- _Task objective_: The output must contain exactly the lines from the top of the listing below through the line containing "Caydee Denney and", and no pictures.
------ Given information
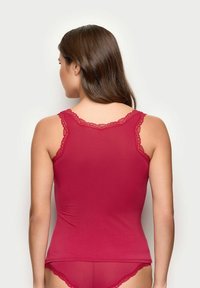 Rød tanktop med blonder detaljer på stropperne, tætsiddende design, lavet af blødt materiale. Bagsiden viser en glat tekstur og en pæn nederkant.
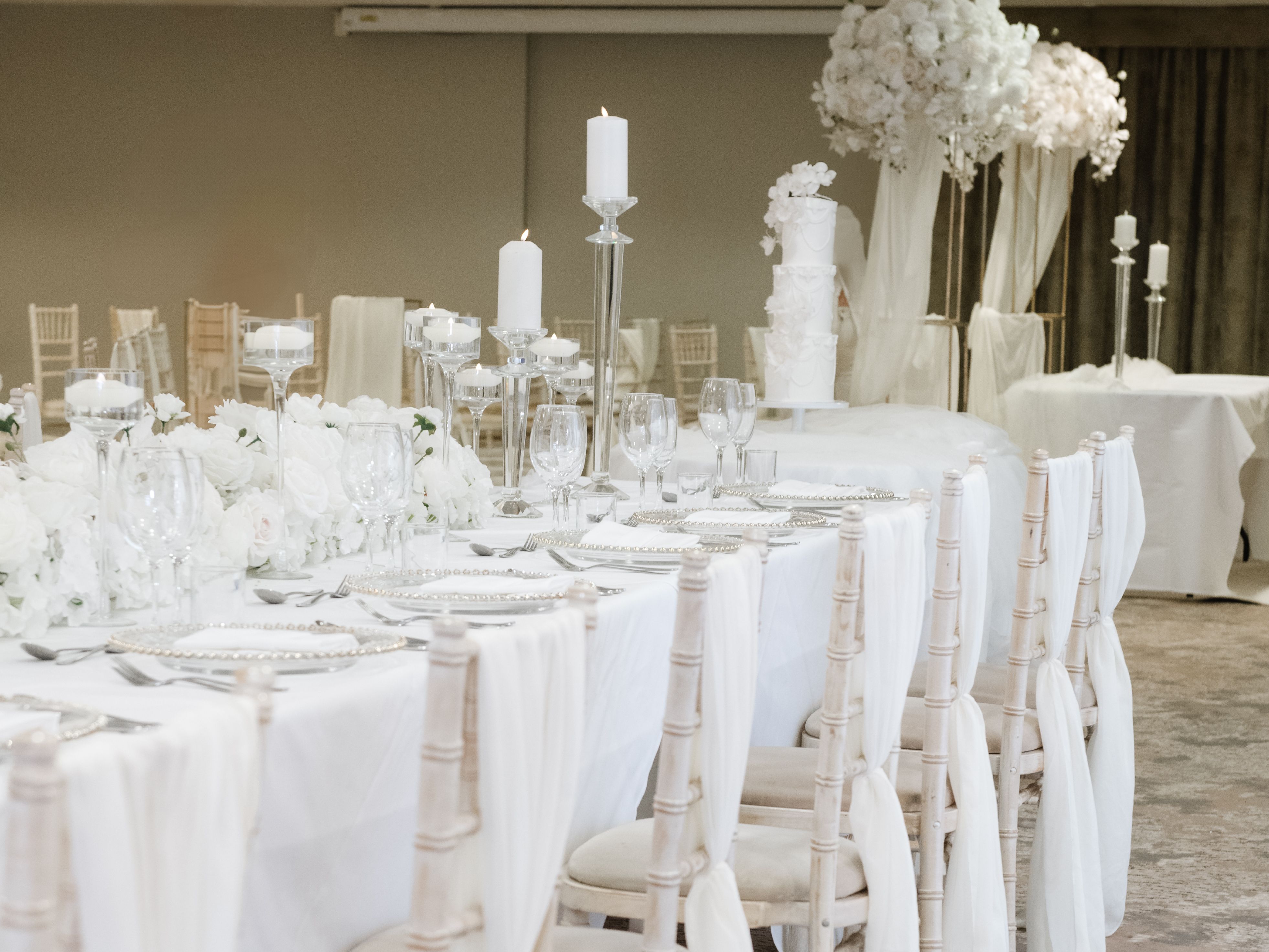Elegant wedding reception table with white decorations and candles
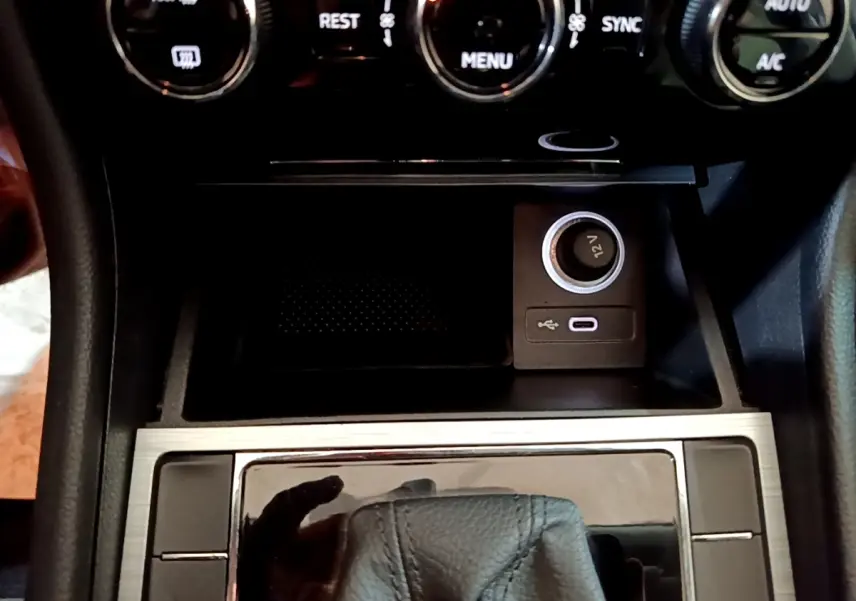 Gros plan sur la console centrale de la Skoda Superb blanche, montrant la prise 12V, port USB et commandes climatisation.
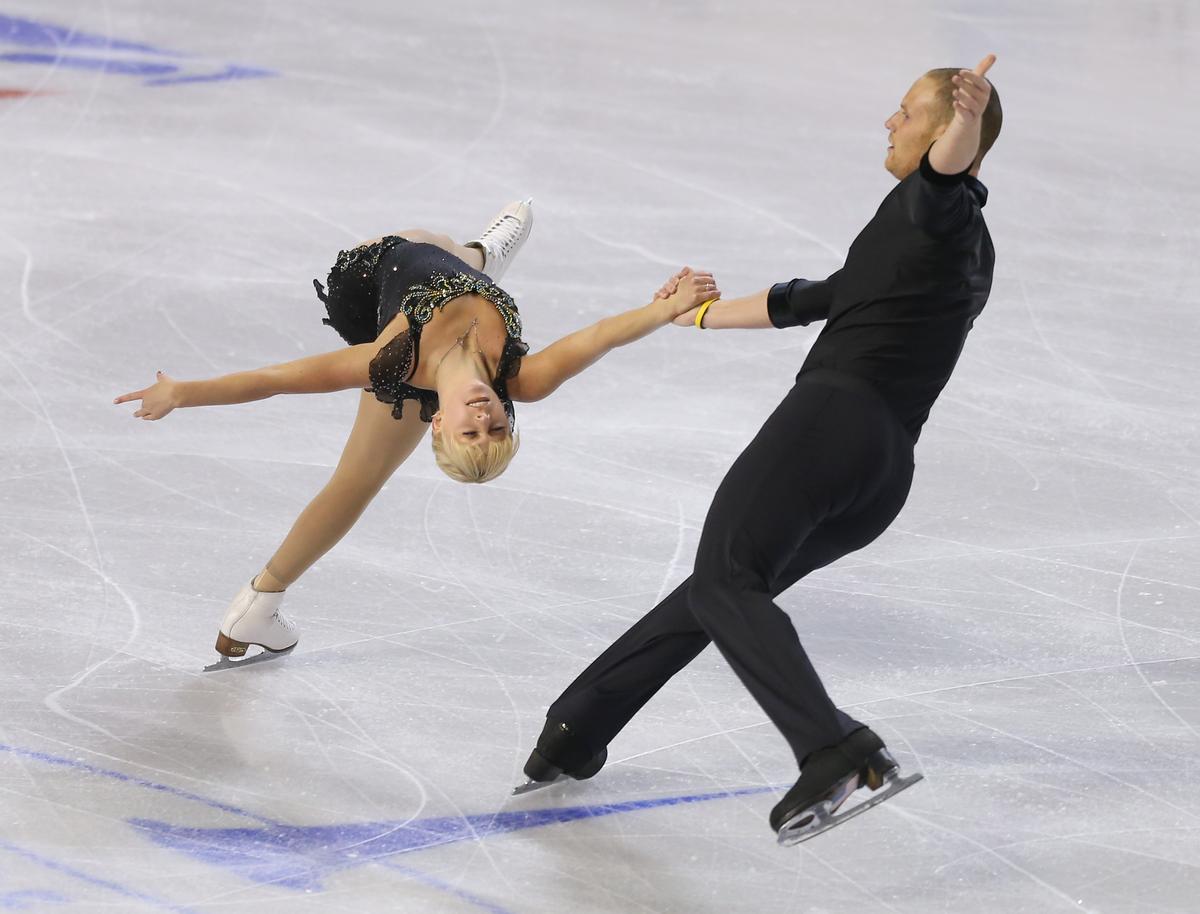 Caydee Denney and John Coughlin skate in the pairs short program during the Skate America competition at the ShoWare Center on October 19, 2012 in Kent, Washington. (Greule Jr/Getty Images)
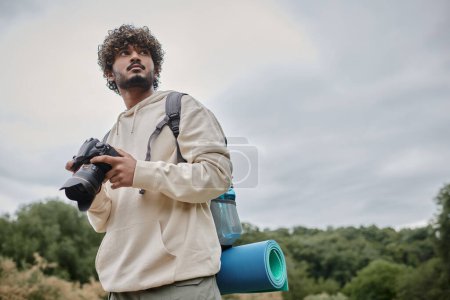 fotógrafo indio rizado en sudadera con capucha con cámara profesional, viaje y concepto de aventura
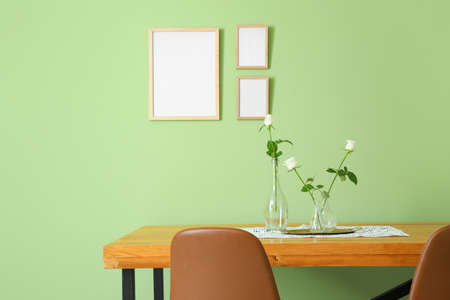 Table and chairs near color wall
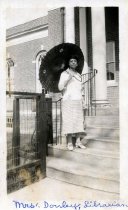 Librarian "Mrs. Donley" in front of the Sanborn Branch of the Bridgeport Public Library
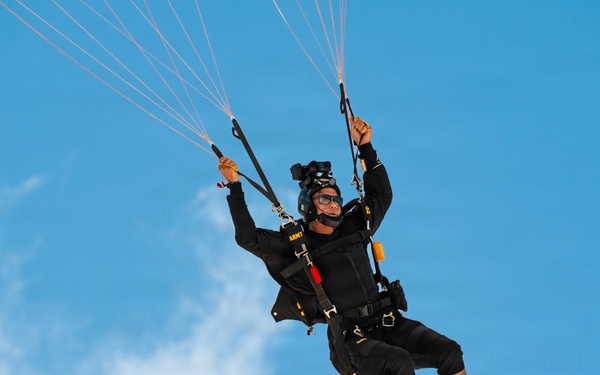 U.S. Army Golden Knights parachutist descends under black and gold canopy during Hyundai Air and Sea Show.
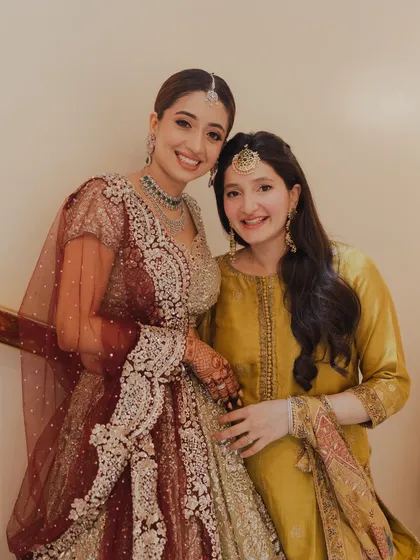 A heartwarming photo of the bride with her sister. Both are glowing, showcasing how I create complementary looks for the entire bridal family.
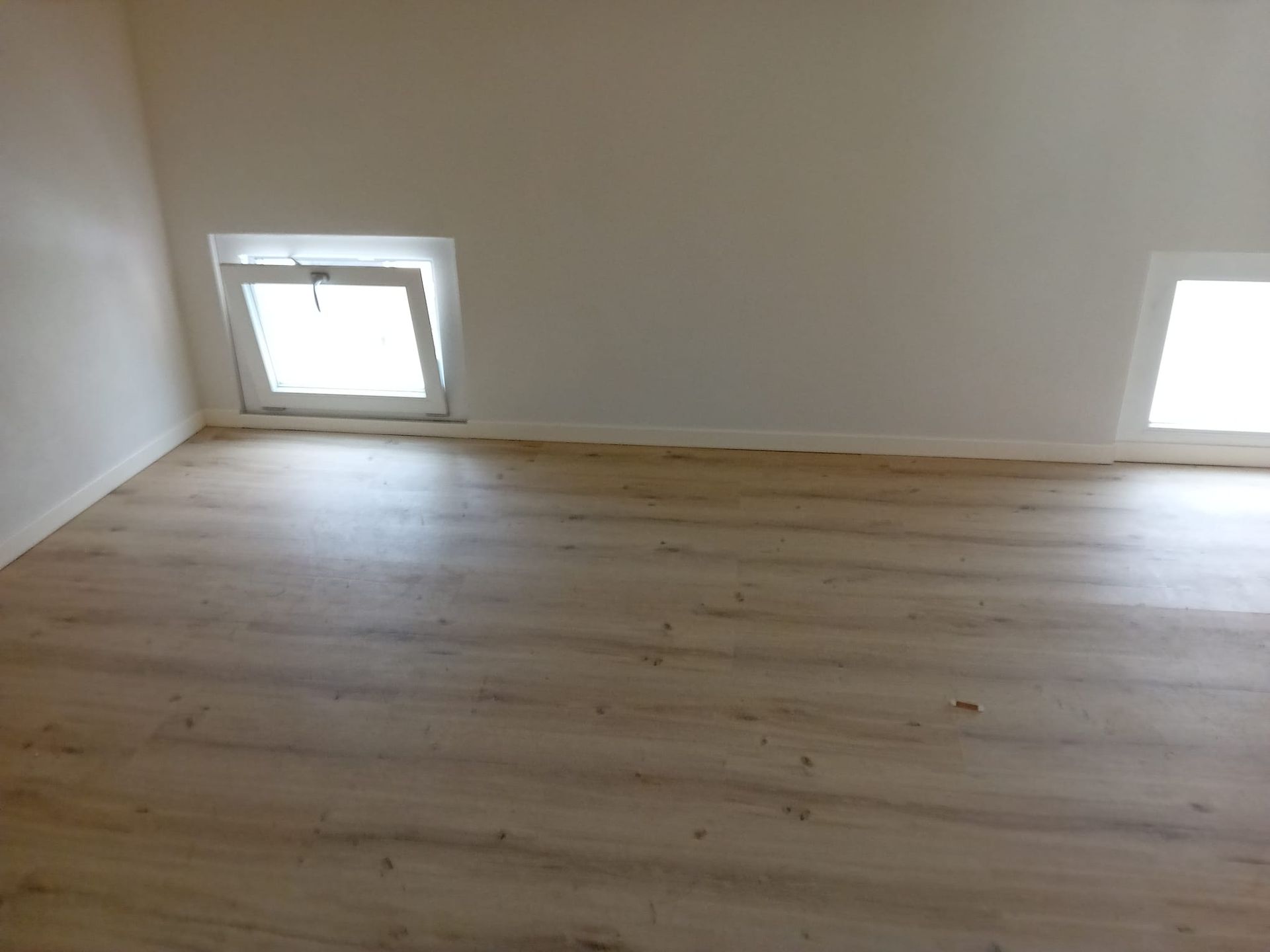 Una stanza vuota con pavimento in legno e due finestre.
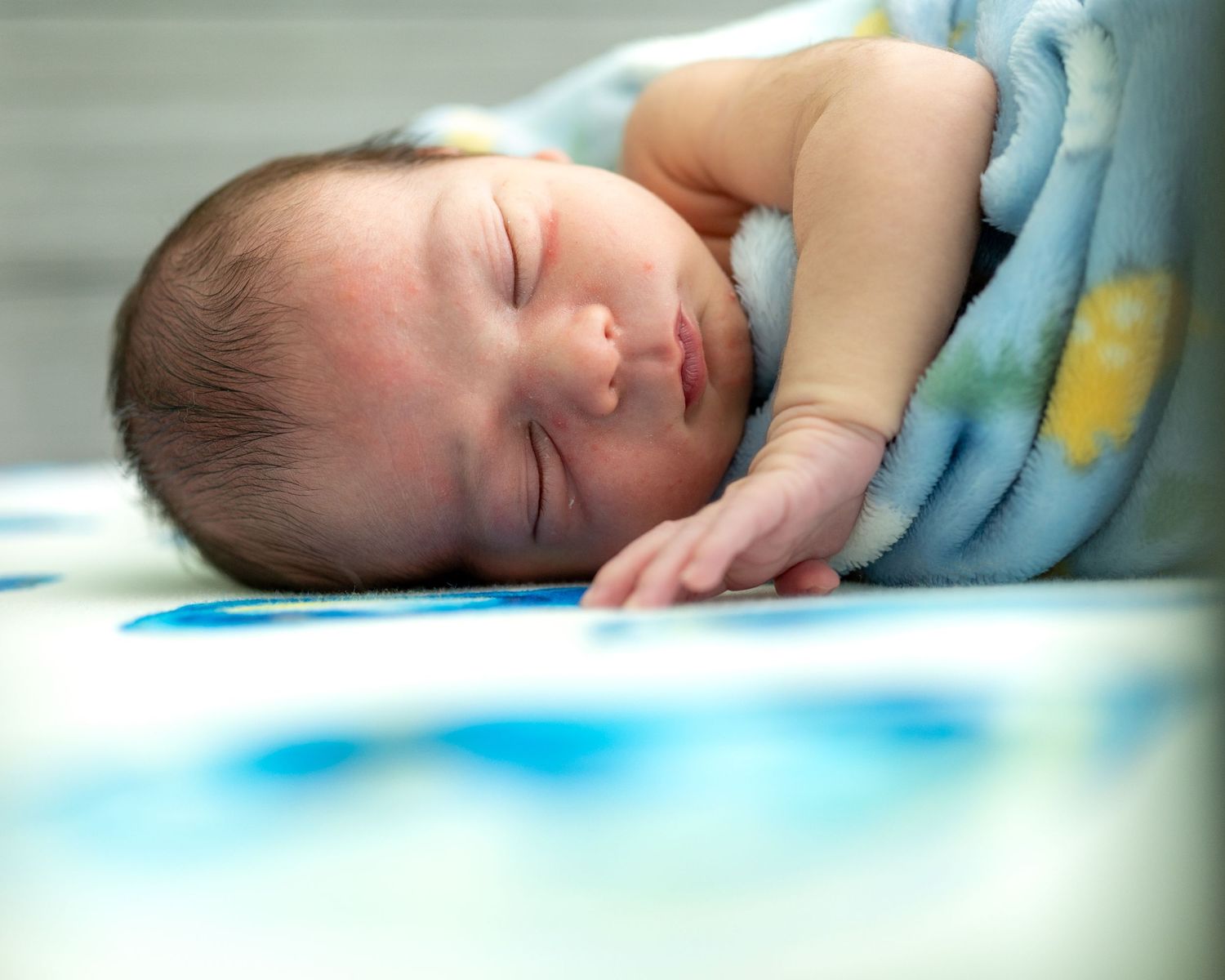 A peaceful sleeping newborn rests on soft blue blanket with yellow accents.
------------
- _Written response_:
 Rød tanktop med blonder detaljer på stropperne, tætsiddende design, lavet af blødt materiale. Bagsiden viser en glat tekstur og en pæn nederkant.
Elegant wedding reception table with white decorations and candles
 Gros plan sur la console centrale de la Skoda Superb blanche, montrant la prise 12V, port USB et commandes climatisation.
 Caydee Denney and John Coughlin skate in the pairs short program during the Skate America competition at the ShoWare Center on October 19, 2012 in Kent, Washington. (Greule Jr/Getty Images)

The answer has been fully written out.